I think it is fear. Fear of a little dog kickin butt and taking names.


----------



## Esylivin (May 5, 2008)

Pals, I think you are right. My Boykin was the first one to run an AKC master test and he went 6 for 6 qualifying for the Master Nationals. BTW that MN plate looks good in my trophy room. Don't think many labs that have a Master National plate can say they have never failed an AKC hunt test. Also, labs are now eligible to run spaniel hunt tests.


----------



## Billie (Sep 19, 2004)

Pals said:


> I think it is fear. Fear of a little dog kickin butt and taking names.


Yes but "dog" being the operative word here.......


----------



## Jerry and Freya (Sep 13, 2008)

BHB said:


> The only thing I am concerned about is that they might get lost in the cover. So, how do you judge them if you can't see them?
> 
> Just a thought,... carry on!
> 
> BHB


How can you give a handle if they or you can't see you thru the tall grass?


----------



## Happy Gilmore (Feb 29, 2008)

Jerry and Freya said:


> How can you give a handle if they or you can't see you thru the tall grass?


I'm sure that all the tests will need to be in no cover moving forward so that the standard of the AKC test can be applied equally to all.


----------



## Pals (Jul 29, 2008)

Billie said:


> Yes but "dog" being the operative word here.......
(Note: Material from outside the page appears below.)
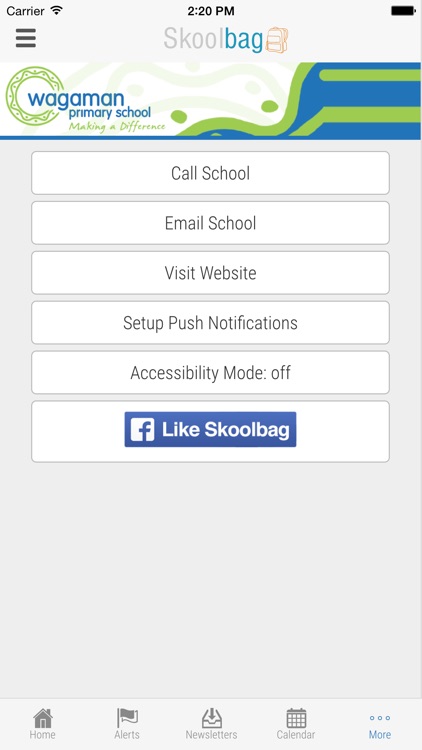 Wagaman Primary School - Skoolbag screenshot-3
Those records are sealed. 

Jerry--you follow the moving grass with your eyes and you teach them 'left and right' to replace your angle back commands. Serious. Its a lot of fun.


----------



## Jerry Beil (Feb 8, 2011)

The Labrador Retriever specialty is going on right now in Cheraw:razz:


----------



## Bruce MacPherson (Mar 7, 2005)

So this is what it comes to? I suppose you can make the argument that a poodle is a poodle no matter what size it is and I know spaniels can run in retriever tests and vice versa but what's next? It doesn't have a thing to do with fear of little dogs it has to do with the initial intention of the game and when you dilute the game to the extent the AKC seems bent on with hunt tests then maybe its time to find a different game.


----------



## Pals (Jul 29, 2008)

My problem is that my truck dog is a Jack and not a poodle. So she can't run in AKC hunt tests. But she has run in UKC started.


----------



## Pals (Jul 29, 2008)

I don't think its diluting the "hunt test" Bruce. If someone trains their dog, pays their money....step up. Its a hunt test, not a trial. They only have to meet the standard. That doesn't effect your dog or your dogs performance in the least.


----------



## Karen Klotthor (Jul 21, 2011)

Lets just hope that as stated before, as judges we do not need to know what kind of dog is running our test before we start. It should not matter what cover we are in, If the test meets the standard . I would hate to have to know in advance I have a mini dog running so can't put my blind where I want it because only one dog will not be seen.


----------



## Pals (Jul 29, 2008)

I've seen and judged some pretty short Boykins and Tollers. They had no trouble in cover. I would not worry about it.


----------



## Bruce MacPherson (Mar 7, 2005)

I don't mind running head to head so it will be an opportunity for me to participate in the trial game. I'll get my backside handed to me for awhile but that's ok. I think if you don't think these smaller dogs aren't going to affect the way these tests are set up you got another think comming.


----------



## BlaineT (Jul 17, 2010)

Bruce MacPherson said:


> I think if you don't think these smaller dogs aren't going to affect the way these tests are set up you got another think comming.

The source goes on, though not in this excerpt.